Welcome to the forum. We have lots of people dealing with bites, and lots of ways people find success in dealing with theses issues. You've gotten great advice, and I will try and add my take to, for trying to help.
First take a deep breath, this took awhile to get to this point, and it's going to take some time to fix.
The first thing I would suggest, is doing observations. Objective observations, were you try to forget what you think is going on, and try to observe with new eyes. You might be surprised at what you observe. I did this when I had some agression going on in my flock, and I was suprised that my observation revealed different issue than I thought.
Second I think this conure had no home base. So there is insecurities, and trying to control the whole home environment. I would suggest going to Amazon and buying one of those large box style cages they have for around 100 bucks or so. Make sure it high off the floor, I got one by mistake that is much lower to floor than my other ones and the birds hate it. Set it up with a lot of short perches, and only one that goes the whole length of the cage. Set up so he can bounce from perch to perch around the cage. Make one high corner, that is shielded by toys, so he can retreat there out of sight. Then also attach many perches on the top of the cage, and if you like , use the vertical space above the cage , by useing a ceiling hook, and fishing line to hang a bungie or rope hoop, so it hanged just a couple of inches higher then the rope perche's you have on top of the cage. This is now his territory. Start keeping him caged during the day when you are away, and at night. If he is cage agressive, that's ok, it's his cage, just let him out before you mess with stuff. Still have him out when you are home. Do not let the budgie be free while he is caged, or the budgie will land in the cage and be injured. You can get clear arclic sheets at home Depot for around 20 bucks to out on top of the cage, to help protect the Budgie feet if he land in cage while the GCC is inside..
I think doing this will give your GCC a place to call his own, and make the rest of the house neutral.
I would also set up 3 areas in the house ( living room) that at his places to hang out. Pet supermarket and probably online or other stores sell tall metal stands that you can attach big rope hoops to. They are good because you can move them to places you want. One again you can use ceiling hook and fishing line to hang bungie Orr hoops in different locations. Try to hang at eye level. I have two over my breakfast bar, with cheap dollar store trays underneath. This gives your GCC places to fly to, and feel secure. Zip tie some treat sticks, millit and toys that are easy to shred to them. All my birds are flighted, and use these exclusively, instead if random places around the house or furniture. And will help with security for your GCC, places to feel safe.

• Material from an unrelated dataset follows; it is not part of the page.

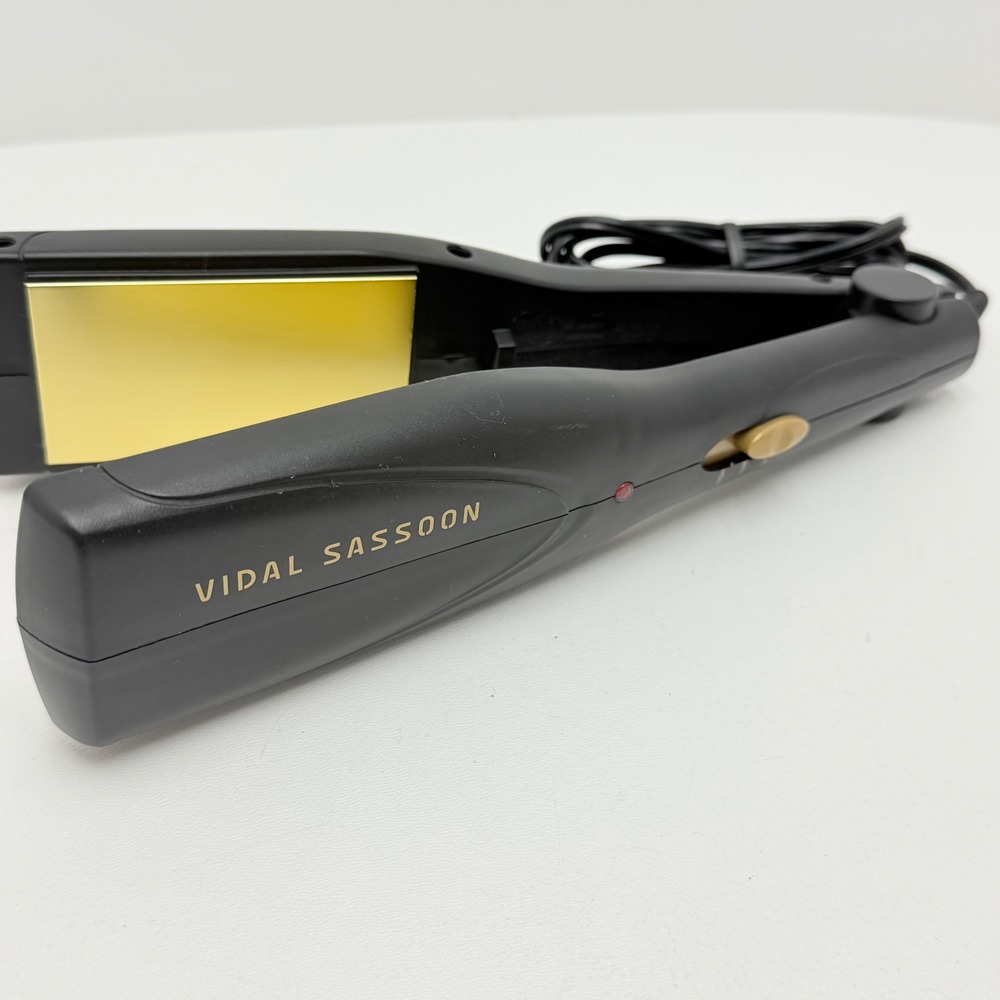Vidal Sassoon VS129 Hair Straightener Flat Iron 2 Inch Gold Plates 120V 30W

Start over with your bird, as though it's the first day you brought him home. Spend time bonding to him. Hand feed treats everytime to you go to say hi. Take him on a tour of the places you set up for him. Praise him for useing those places. Reintroduce him to everyone in the house, abdvitget pets. Create morning rituals, everyone's says good morning to the bird when they get up. Everyone says goodbye when they leave the house, and everyone says hello when they return to the house. It allows the bird to feel part of the flock, and respected. It helps provide security on what to expect, things feel more controlled to the bird.
Set aside a time if the day , you think you can stuck to , that is just you and your bird. Try for a half-hour at least. Hopefully a place that is out of sight of your husband and other pets. Or maybe you get up a half hour early and it's just you and your bird. My GCC chose 830 pm as her mommy and me time. We snuggle, and she chats about her day, sometimes at first she stops around and sounds like she complaining about her life, then she is ready to cuddle. If she doesn't get this time she is one angry and mean bird!
Putva treat dish on top of the cage, and one inside. Your husband , and you, always place a " safflower seed" or treat in the dish when you come and say hi. Your husband should do this many times a day. Always use the same phrases like hello " name" . For sure always do this when you come home, and as you leave. Hopefully , go slow, your husband can work up to giving them by hand.
See if you and your husband and you can share meals with the bird. It's a great flock activity, and bonding.
I'm going to look for some links I have. That I think will be helpful. You can do this! I have had some bad times with my GCC and we have worked passed them.